_Work instructions_. Return the full listing unchanged, excluding any images it contains.

_Data extract_.
○ ○ ○
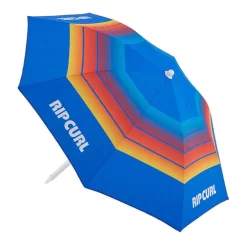 Rip Curl Surf Revival Beach Aluminium Folding Parasol
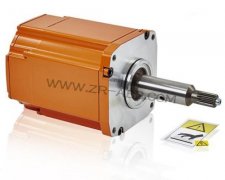 ABB機(jī)器人伺服電機(jī)跳閘故障維修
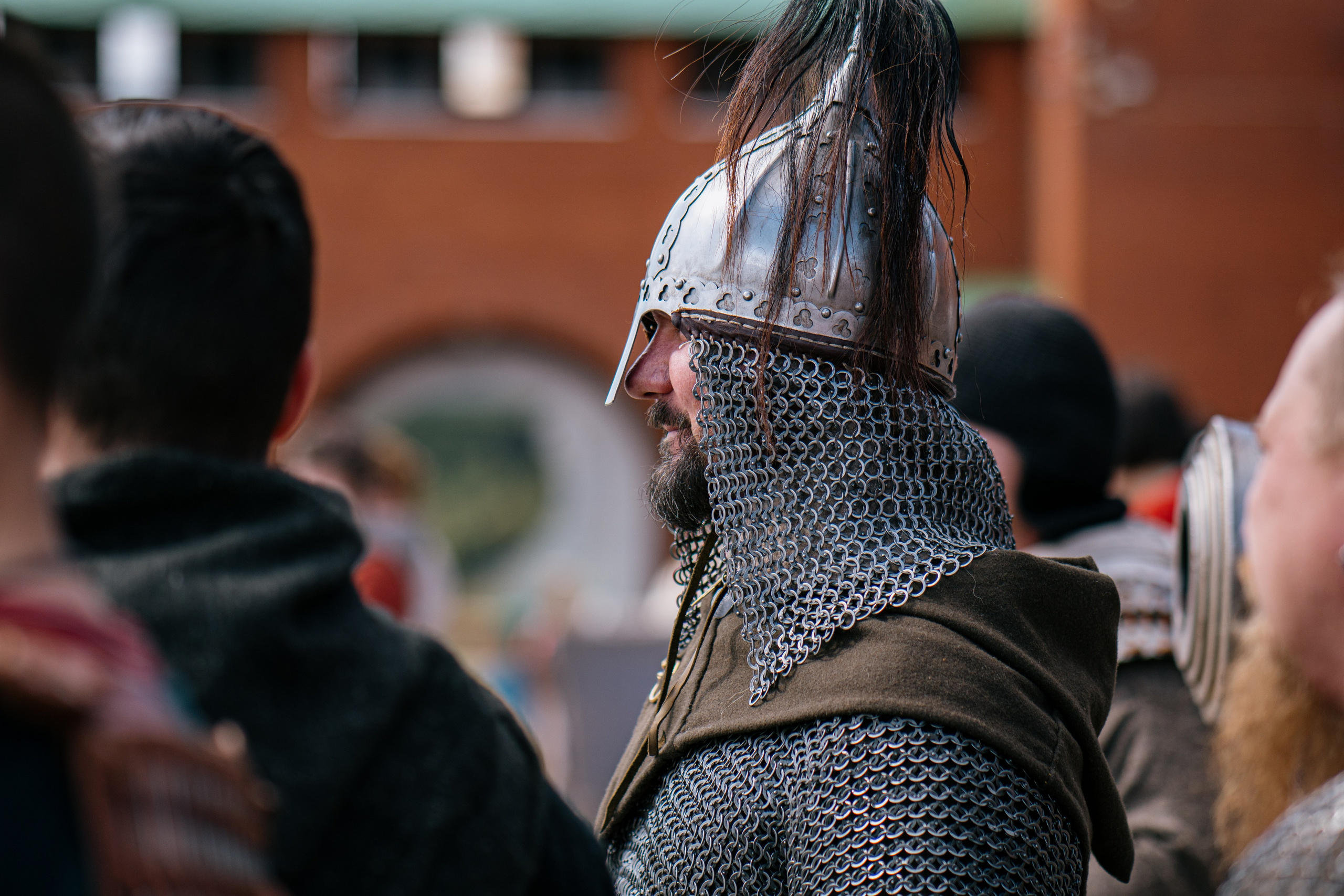 Фестиваль «Наследие» Йошкар-ола. Творческий и репортажный фотограф в Москве Клим Долгов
○ ○ ○
_Reply_.
 Rip Curl Surf Revival Beach Aluminium Folding Parasol
 ABB機(jī)器人伺服電機(jī)跳閘故障維修
 Фестиваль «Наследие» Йошкар-ола. Творческий и репортажный фотограф в Москве Клим Долгов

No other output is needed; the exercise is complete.